■ **THE PROBLEM**: Output the full listing below, keeping each line exact.
○ ○ ○ ○ ○
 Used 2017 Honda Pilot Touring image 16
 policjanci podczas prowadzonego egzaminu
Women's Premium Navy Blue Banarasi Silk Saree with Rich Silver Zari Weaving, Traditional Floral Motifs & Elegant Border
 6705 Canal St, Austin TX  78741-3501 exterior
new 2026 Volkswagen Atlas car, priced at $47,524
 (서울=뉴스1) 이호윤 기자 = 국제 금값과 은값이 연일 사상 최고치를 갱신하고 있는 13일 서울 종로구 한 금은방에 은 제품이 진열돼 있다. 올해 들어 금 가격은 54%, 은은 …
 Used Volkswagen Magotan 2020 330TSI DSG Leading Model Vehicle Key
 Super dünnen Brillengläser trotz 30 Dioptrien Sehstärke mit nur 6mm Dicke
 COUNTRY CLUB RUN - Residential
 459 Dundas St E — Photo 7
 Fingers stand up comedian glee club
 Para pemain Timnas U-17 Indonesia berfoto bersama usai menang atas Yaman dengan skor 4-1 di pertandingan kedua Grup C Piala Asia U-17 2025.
○ ○ ○ ○ ○
■ **WRITTEN RESPONSE**:
 Used 2017 Honda Pilot Touring image 16
 policjanci podczas prowadzonego egzaminu
Women's Premium Navy Blue Banarasi Silk Saree with Rich Silver Zari Weaving, Traditional Floral Motifs & Elegant Border
 6705 Canal St, Austin TX  78741-3501 exterior
new 2026 Volkswagen Atlas car, priced at $47,524
 (서울=뉴스1) 이호윤 기자 = 국제 금값과 은값이 연일 사상 최고치를 갱신하고 있는 13일 서울 종로구 한 금은방에 은 제품이 진열돼 있다. 올해 들어 금 가격은 54%, 은은 …
 Used Volkswagen Magotan 2020 330TSI DSG Leading Model Vehicle Key
 Super dünnen Brillengläser trotz 30 Dioptrien Sehstärke mit nur 6mm Dicke
 COUNTRY CLUB RUN - Residential
 459 Dundas St E — Photo 7
 Fingers stand up comedian glee club
 Para pemain Timnas U-17 Indonesia berfoto bersama usai menang atas Yaman dengan skor 4-1 di pertandingan kedua Grup C Piala Asia U-17 2025.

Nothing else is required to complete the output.